Surprenant de retour aux Îles
Bienvenus dans l’univers du policier André Surprenant, personnage au cœur des aventures que le romancier Jean Lemieux lui consacre. Intitulé L’affaire des Montants, cette neuvième histoire ramène le sergent-détective du SPVM aux Îles-de-la-Madeleine où il a séjourné alors qu’il était à l’emploi de la SQ.
Pourquoi ce retour aux Îles? D’abord, la une d’un quotidien montréalais qui relate l’assassinat de Florence Turbide, 41 ans, mère de trois enfants et propriétaire de la bergerie Moutons des Montants, d’où le titre du roman. Pour les collègues de Surprenant, cette histoire revêt un certain intérêt, car le compagnon de cœur et d’affaires de la défunte est un certain Philippe Santoro, « trente-huit ans, un ingénieur marseillais recycler serveur » au Petit Albert, « un bistro du centre-ville associé à vous savez qui… », comprendre le clan Rizzuto.
Surtout, il y a cet appel matinal
de « son ami et ex-entraîneur de hockey », « Platon
Longuépée » qui décrit la victime « comme sa belle-fille ou sa nièce
par alliance » et qu’il croit qu’il n’y a qu’« un amariné comme toi
qui peut tirer ça au clair. » (16) Notez ici le mot tiré du lexique des Îles,
amariné signifiant « habitué à la mer, aux manœuvres, au régime du
bord. »; l’auteur utilise d’autres mots et expressions de ce coin du
Québec, ce qui donne plus d’authenticité géographique au récit.

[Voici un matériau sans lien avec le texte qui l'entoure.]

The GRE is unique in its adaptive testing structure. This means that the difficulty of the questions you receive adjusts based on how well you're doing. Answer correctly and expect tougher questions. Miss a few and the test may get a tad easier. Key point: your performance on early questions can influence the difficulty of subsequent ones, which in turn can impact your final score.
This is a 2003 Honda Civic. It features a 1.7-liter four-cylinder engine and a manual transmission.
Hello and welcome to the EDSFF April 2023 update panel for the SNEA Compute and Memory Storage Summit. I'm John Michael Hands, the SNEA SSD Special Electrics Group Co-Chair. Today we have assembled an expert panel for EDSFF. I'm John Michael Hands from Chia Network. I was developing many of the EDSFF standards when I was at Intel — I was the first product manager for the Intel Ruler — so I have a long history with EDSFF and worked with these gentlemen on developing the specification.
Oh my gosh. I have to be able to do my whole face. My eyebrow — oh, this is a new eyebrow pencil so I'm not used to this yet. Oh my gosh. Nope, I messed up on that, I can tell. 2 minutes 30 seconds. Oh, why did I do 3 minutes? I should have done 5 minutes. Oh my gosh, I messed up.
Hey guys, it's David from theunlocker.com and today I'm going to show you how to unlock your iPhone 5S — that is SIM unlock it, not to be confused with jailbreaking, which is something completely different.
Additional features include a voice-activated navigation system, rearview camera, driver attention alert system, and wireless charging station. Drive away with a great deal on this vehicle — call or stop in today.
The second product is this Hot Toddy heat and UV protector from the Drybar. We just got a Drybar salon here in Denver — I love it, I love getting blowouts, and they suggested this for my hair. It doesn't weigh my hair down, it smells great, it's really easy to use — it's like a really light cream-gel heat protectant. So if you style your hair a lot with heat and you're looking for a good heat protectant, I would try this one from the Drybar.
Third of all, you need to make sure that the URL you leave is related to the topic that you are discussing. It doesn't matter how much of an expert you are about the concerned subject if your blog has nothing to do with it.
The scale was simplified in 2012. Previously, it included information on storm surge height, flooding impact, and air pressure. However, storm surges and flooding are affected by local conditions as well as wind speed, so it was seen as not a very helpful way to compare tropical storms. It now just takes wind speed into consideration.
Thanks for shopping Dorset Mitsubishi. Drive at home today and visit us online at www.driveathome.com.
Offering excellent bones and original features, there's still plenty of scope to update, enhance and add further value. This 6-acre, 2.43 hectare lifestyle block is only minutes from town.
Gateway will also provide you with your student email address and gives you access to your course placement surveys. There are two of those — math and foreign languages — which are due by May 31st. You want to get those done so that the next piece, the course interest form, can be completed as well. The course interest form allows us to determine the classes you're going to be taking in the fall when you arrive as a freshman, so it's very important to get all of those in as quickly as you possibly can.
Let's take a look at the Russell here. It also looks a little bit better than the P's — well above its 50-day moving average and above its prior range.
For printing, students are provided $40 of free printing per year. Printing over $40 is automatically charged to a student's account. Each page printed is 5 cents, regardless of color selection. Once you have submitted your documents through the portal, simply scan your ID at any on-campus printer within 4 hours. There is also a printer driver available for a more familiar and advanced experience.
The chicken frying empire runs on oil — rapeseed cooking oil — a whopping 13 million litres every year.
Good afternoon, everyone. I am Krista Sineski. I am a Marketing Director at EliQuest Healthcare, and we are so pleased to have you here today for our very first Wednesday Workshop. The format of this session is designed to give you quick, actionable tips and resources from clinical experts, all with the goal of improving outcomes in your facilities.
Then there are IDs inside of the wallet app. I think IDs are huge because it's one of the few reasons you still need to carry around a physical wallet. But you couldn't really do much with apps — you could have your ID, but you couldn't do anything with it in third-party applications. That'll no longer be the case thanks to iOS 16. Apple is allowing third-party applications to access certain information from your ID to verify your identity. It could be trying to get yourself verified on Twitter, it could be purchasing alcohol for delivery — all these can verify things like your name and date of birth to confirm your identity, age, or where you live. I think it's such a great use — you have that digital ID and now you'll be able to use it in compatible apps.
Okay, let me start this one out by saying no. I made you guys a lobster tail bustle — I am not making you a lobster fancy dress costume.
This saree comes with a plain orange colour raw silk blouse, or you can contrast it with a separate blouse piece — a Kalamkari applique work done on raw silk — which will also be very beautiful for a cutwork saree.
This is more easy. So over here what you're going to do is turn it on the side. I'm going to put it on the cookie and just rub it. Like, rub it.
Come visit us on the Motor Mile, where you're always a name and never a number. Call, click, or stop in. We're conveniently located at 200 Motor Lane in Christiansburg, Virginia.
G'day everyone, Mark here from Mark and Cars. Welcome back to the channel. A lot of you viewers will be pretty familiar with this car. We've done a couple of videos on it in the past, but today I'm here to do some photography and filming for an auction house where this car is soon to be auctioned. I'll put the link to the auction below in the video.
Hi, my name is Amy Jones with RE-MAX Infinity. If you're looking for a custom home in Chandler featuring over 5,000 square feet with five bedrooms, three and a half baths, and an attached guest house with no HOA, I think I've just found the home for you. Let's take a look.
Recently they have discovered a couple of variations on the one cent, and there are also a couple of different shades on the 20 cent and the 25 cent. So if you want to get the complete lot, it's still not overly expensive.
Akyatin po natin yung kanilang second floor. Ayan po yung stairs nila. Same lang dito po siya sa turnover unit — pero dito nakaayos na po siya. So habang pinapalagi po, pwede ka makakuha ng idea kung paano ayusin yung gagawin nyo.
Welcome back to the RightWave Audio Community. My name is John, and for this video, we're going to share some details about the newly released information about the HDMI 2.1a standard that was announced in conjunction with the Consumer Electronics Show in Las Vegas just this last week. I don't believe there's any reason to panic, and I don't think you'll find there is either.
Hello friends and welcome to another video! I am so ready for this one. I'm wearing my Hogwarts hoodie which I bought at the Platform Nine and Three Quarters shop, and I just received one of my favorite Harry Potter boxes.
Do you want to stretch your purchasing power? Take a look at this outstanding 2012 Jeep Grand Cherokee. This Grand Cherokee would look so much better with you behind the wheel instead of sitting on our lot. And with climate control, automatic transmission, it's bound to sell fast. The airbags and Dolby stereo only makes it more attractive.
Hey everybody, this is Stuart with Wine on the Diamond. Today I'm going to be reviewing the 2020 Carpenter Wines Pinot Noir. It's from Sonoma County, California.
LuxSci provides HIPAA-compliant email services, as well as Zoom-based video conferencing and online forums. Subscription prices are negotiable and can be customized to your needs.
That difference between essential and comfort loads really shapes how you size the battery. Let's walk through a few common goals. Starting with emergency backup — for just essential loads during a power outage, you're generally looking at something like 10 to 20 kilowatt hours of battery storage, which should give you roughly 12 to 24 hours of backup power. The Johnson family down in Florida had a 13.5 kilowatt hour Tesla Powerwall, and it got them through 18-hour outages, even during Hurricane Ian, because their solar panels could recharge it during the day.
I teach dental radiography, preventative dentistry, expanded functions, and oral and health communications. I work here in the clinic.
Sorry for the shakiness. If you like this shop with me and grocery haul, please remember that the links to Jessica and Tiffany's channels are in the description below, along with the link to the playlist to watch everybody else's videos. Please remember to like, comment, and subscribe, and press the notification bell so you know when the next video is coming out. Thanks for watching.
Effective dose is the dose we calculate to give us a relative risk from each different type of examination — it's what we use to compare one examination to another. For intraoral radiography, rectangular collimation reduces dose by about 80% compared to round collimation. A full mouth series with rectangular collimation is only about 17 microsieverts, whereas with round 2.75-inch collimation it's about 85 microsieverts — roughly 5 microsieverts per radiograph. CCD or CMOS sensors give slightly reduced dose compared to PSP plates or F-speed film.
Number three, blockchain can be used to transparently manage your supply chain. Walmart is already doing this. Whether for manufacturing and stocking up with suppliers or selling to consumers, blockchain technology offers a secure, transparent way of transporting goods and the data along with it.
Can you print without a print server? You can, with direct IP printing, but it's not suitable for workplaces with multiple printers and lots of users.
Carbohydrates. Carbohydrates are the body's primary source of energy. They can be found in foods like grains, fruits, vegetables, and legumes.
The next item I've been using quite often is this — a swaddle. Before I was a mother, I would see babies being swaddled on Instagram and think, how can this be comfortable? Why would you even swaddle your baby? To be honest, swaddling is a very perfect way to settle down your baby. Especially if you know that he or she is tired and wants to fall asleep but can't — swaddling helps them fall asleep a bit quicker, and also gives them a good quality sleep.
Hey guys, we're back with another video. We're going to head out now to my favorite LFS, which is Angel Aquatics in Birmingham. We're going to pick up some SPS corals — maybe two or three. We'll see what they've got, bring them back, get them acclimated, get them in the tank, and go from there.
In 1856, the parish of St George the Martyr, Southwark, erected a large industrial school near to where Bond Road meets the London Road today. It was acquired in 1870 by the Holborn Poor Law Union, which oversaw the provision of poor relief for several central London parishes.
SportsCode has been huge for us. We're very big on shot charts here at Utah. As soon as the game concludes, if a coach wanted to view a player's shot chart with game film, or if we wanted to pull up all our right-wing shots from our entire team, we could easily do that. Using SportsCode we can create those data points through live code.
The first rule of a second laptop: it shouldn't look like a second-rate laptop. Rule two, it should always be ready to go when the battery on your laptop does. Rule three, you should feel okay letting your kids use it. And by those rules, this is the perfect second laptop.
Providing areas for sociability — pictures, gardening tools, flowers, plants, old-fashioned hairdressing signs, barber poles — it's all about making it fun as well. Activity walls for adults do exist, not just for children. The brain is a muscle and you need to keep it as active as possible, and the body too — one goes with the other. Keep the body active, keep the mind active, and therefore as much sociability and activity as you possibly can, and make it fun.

Incapable de résister à cet appel,
Surprenant convainc son patron au poste de la Place Versailles de le
« déléguer » pour venir en appui aux agents de la SQ aux Îles, avec
l’accord de ces derniers va sans dire. Le sergent détective n’est pas à sa
première entourloupette pour obtenir ce qu’il veut et ce voyage dans ses
anciens quartiers quelques jours avant Noël ne lui déplaît pas. Ne lui reste
qu’à convaincre Geneviève, sa compagne, qu’il sera de retour le 24 décembre,
surtout que cela risque le dernier temps des fêtes pour sa mère Nicole.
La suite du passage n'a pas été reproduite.